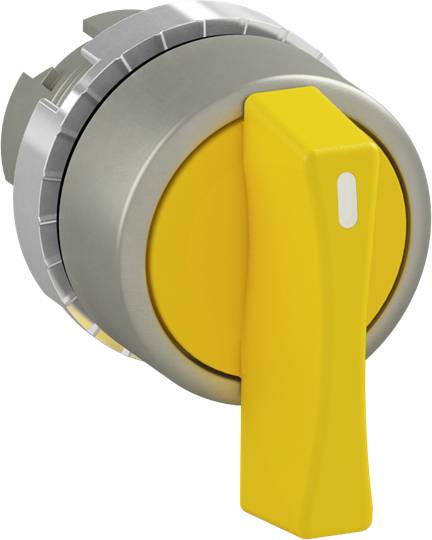 Gelbe Drehschalter aus Metall, geeignet für industrielle Anwendungen. Silberne Basis, gelber Griff, möglicherweise für Maschinensteuerung.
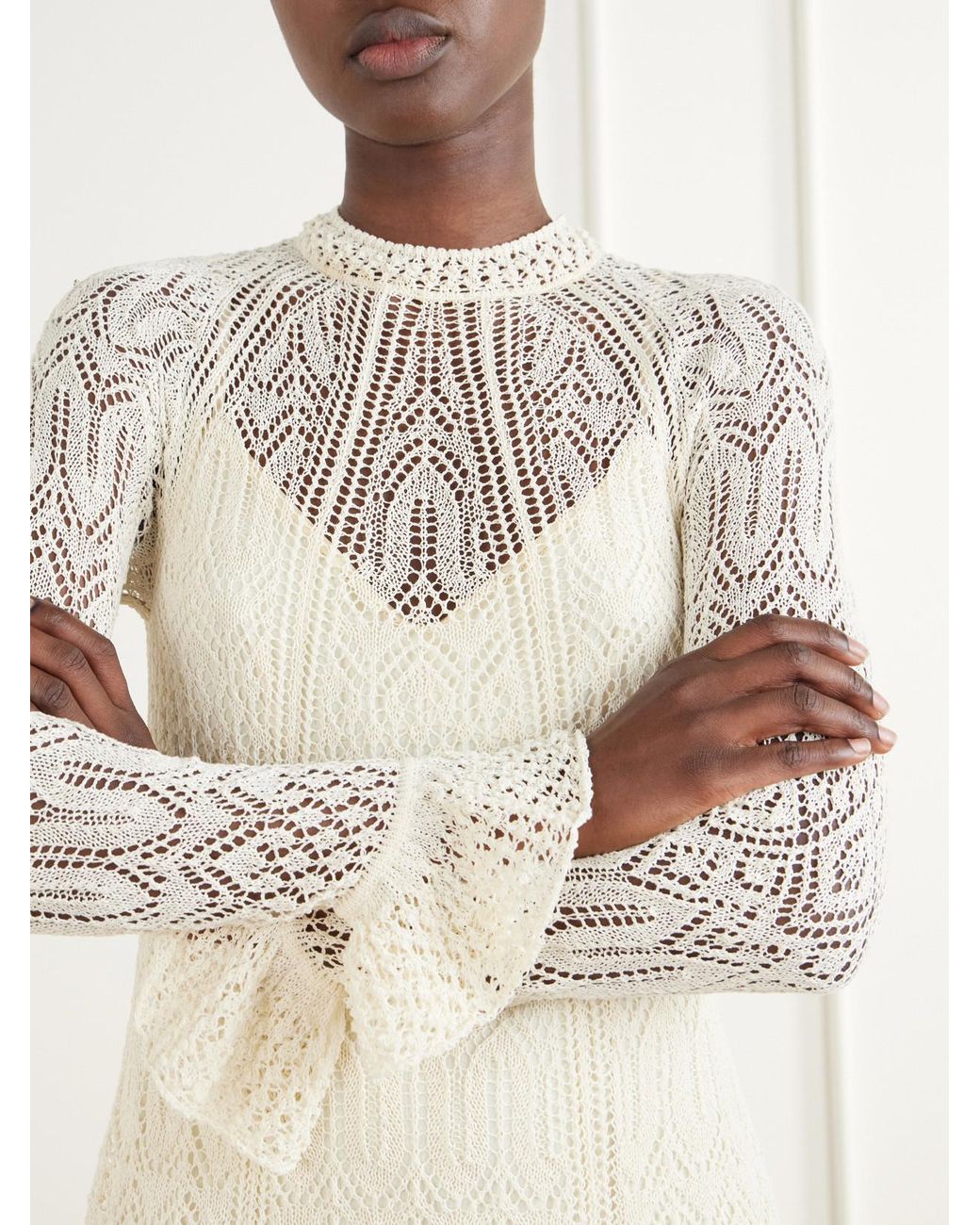 Zimmermann Natural Fairlight Pointelle-Knit Midi Dress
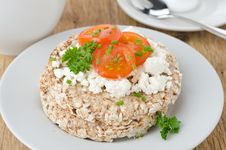 Bread With Cottage Cheese, Cherry Tomatoes For Breakfast Royalty Free Stock Photography Bread With Cottage Cheese, Cherry Tomatoes For Breakfast Royalty Free Stock Photography
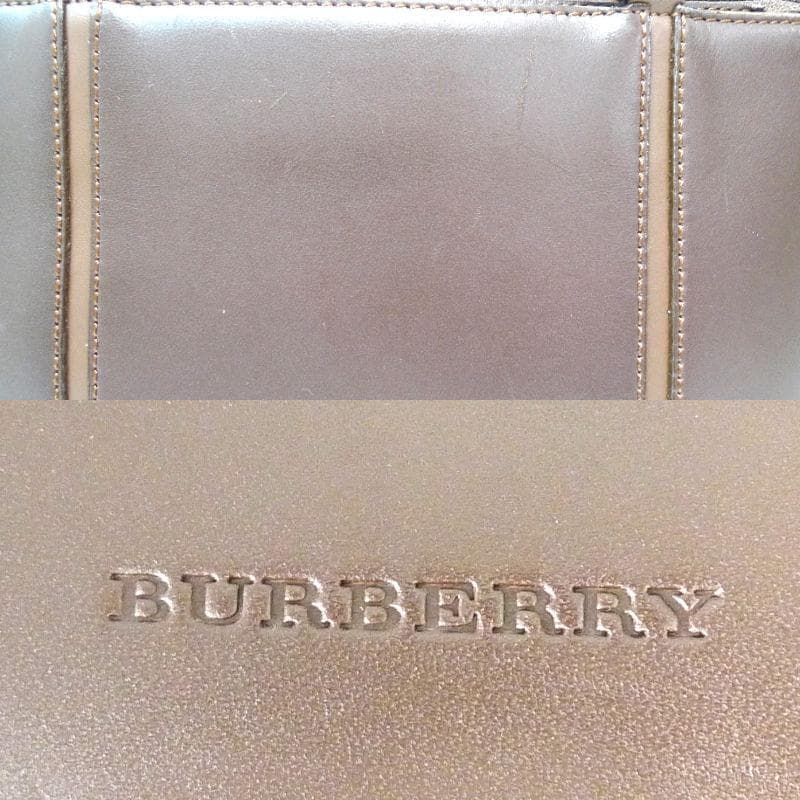 BURBERRY　トートバッグ　レザー　ノバチェック　ブラウン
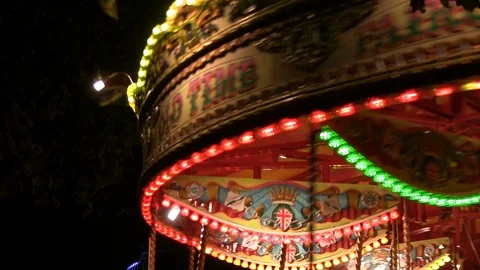 Carousel Merry Go Round CU Night Stock-Footage 101683891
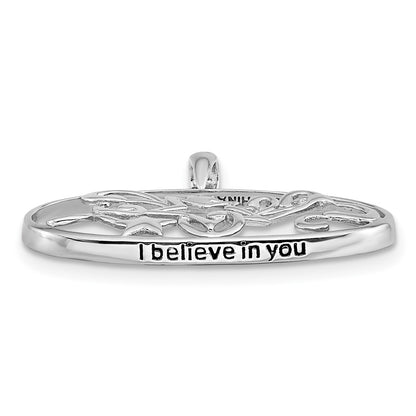 Sterling Silver Sentimental Expressions Rhodium-Plated Antiqued I Believe In You 18In Star Necklace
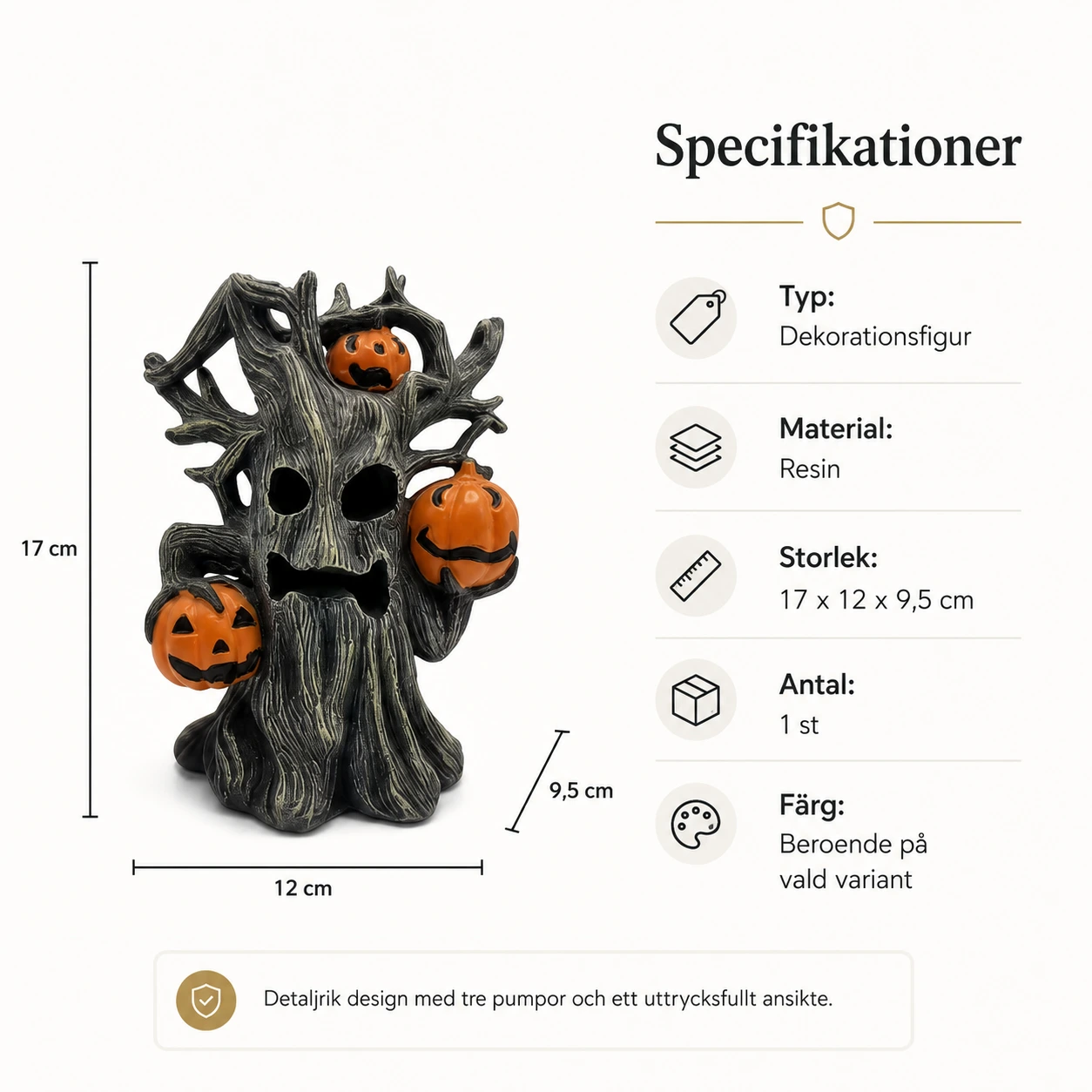 Halloweenstaty trädmonster för heminredning
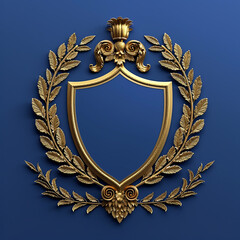 Obraz premium Anintricateemblemwithashieldandlaurelwreathdesign,embossedingoldonaroyalbluebackground.64k,UHD,Highdefinition
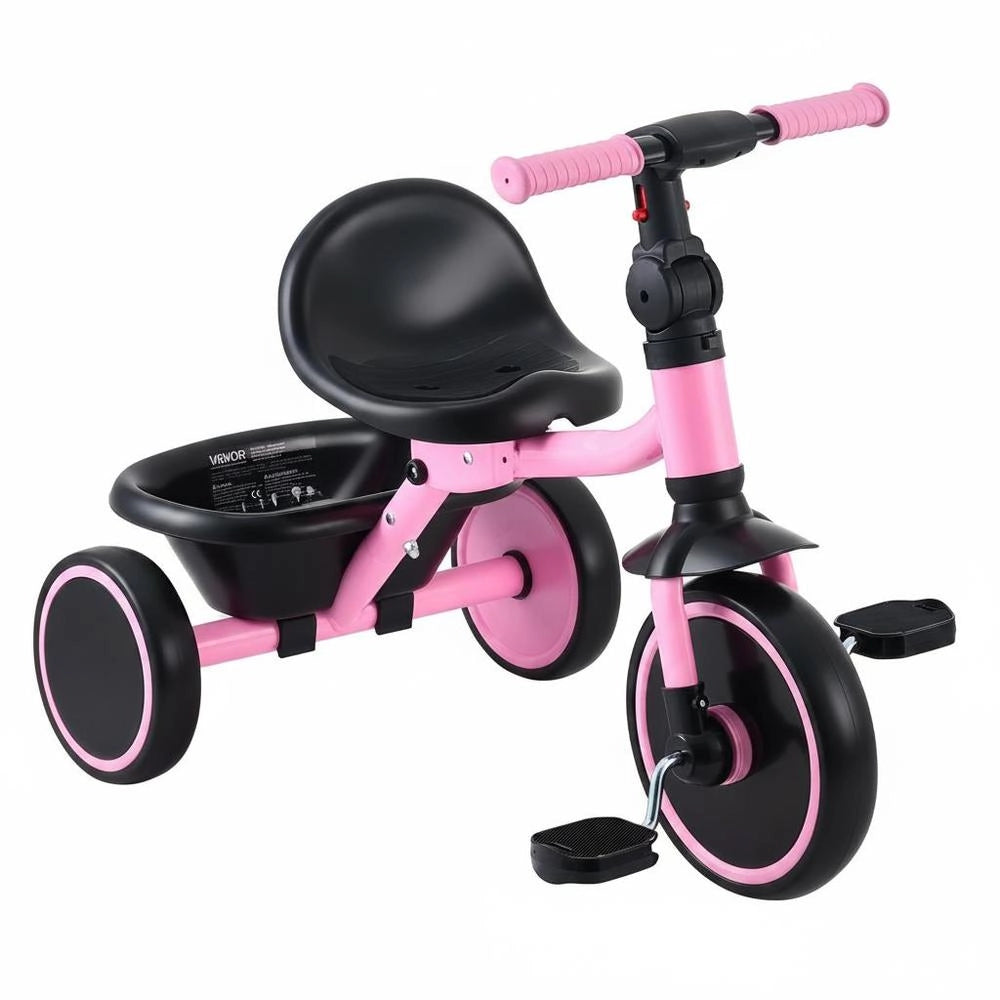 Triciclo Bambini 2-5 Anni Sedile Regolabile Cestino Posteriore Acciaio Carbonio Manubrio Ruote EVA Rosa Nero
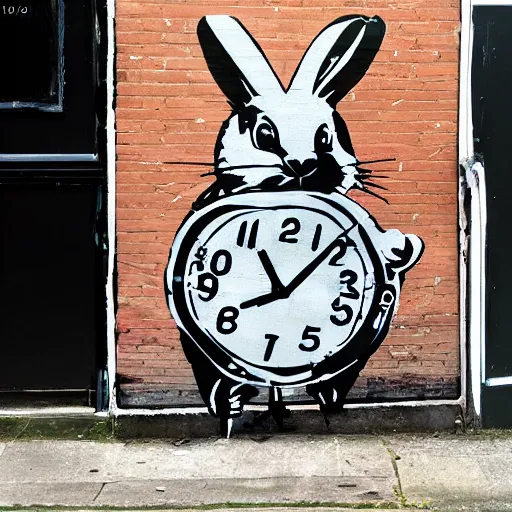 Prompt: time traveling rabbit made by banksy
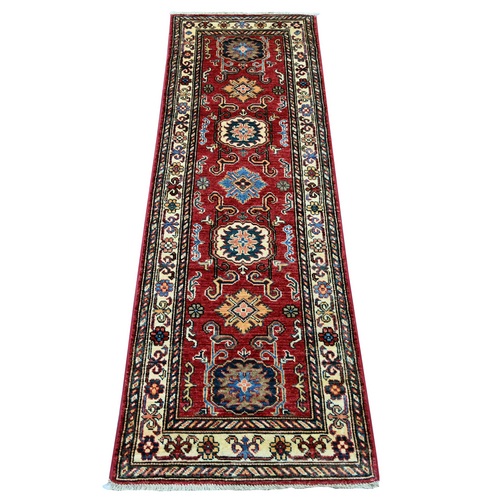Crimson Red, Afghan Super Kazak with Tribal Medallions Design, Hand Knotted, Pure Wool, Vegetable Dyes, Narrow Runner, Oriental 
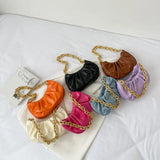 Plated Cloud Bag PU Leather Shoulder Crossbody Bag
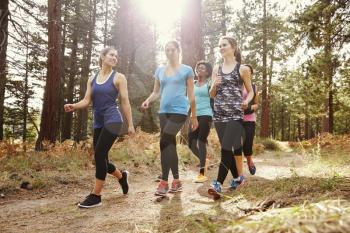 Group of women runners walking in a forest talking, close up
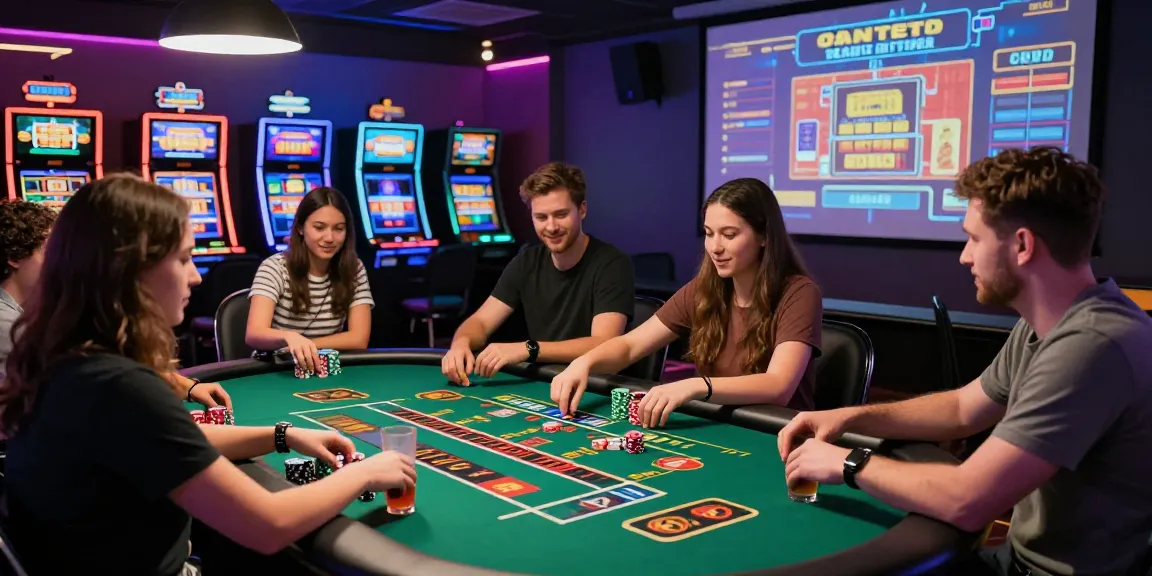 Exciting scene showcasing players at credit card casinos UK, engaging with vibrant slot machines and lively gaming atmosphere.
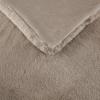 Madison Park Reversible Faux Fur Throw Blanket for Winter, Premium Warm Fuzzy Cover, Luxuriously Soft Velvet Texture Reverse, Cozy for Lounging on Couch, Sofa Ideal for Home Office, 50×60 Grey(Tan)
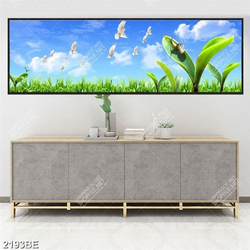 Tranh cánh đồng cỏ in kính bếp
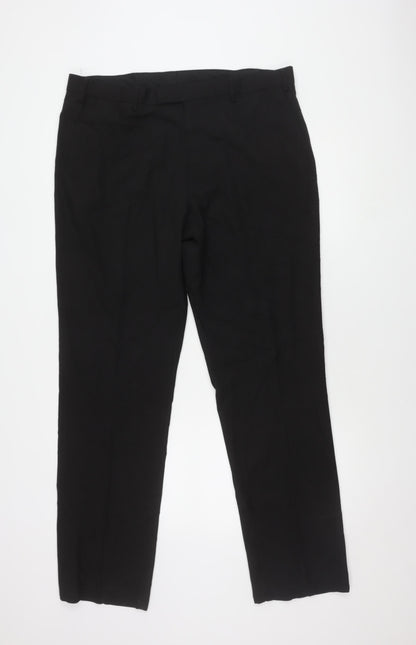 Marks and Spencer Men's Black Regular Fit Trousers
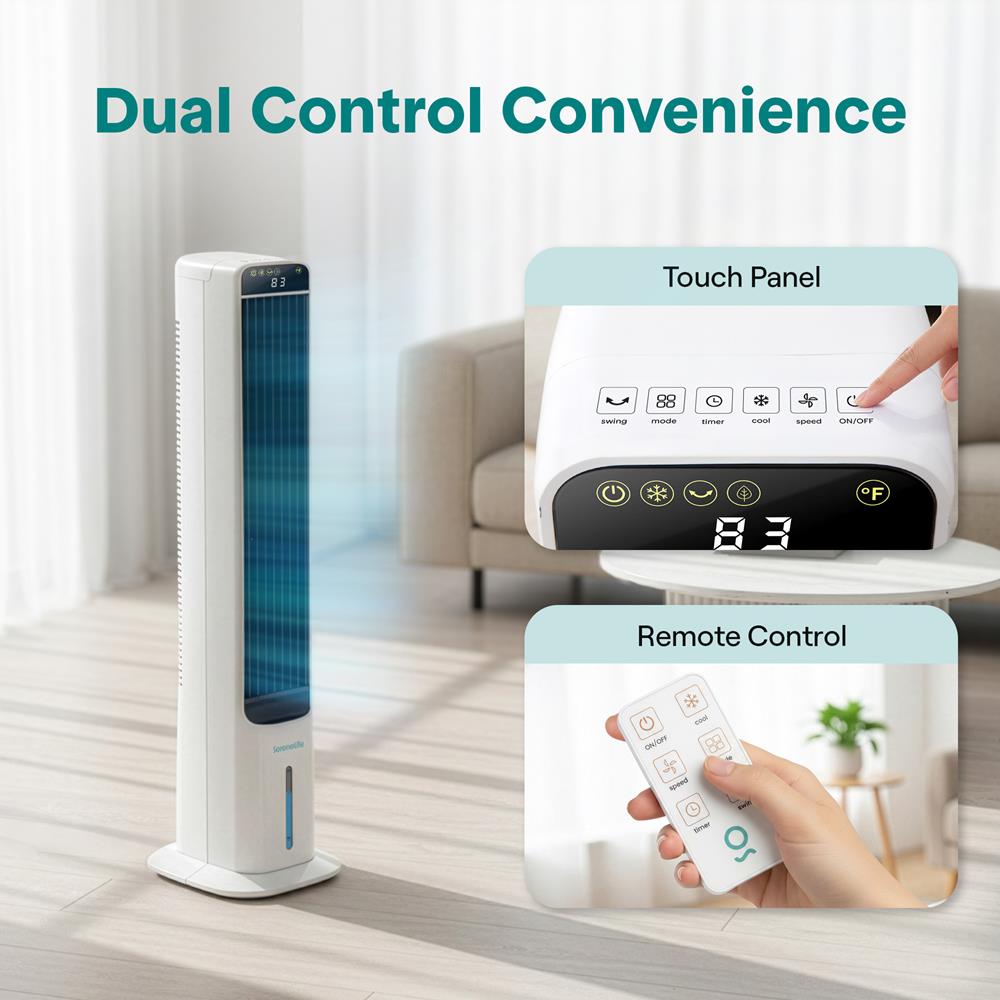 Serenelife Portable Evaporative Air Cooler Tower Fan With 5L Detachable Water Tank, 60° Adjustable Oscillation, 3 Fan Modes, 4 Ice Boxes, And Remote Control – Ideal For Home, Office, And School (White)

========

If a line comes after the line with "BURBERRY　トートバッグ　レザー　ノバチェック　ブラウン", it stays out; print exactly every line from the start of the entries up to and including that line, but no pictures.

 Gelbe Drehschalter aus Metall, geeignet für industrielle Anwendungen. Silberne Basis, gelber Griff, möglicherweise für Maschinensteuerung.
 Zimmermann Natural Fairlight Pointelle-Knit Midi Dress
 Bread With Cottage Cheese, Cherry Tomatoes For Breakfast Royalty Free Stock Photography Bread With Cottage Cheese, Cherry Tomatoes For Breakfast Royalty Free Stock Photography
 BURBERRY　トートバッグ　レザー　ノバチェック　ブラウン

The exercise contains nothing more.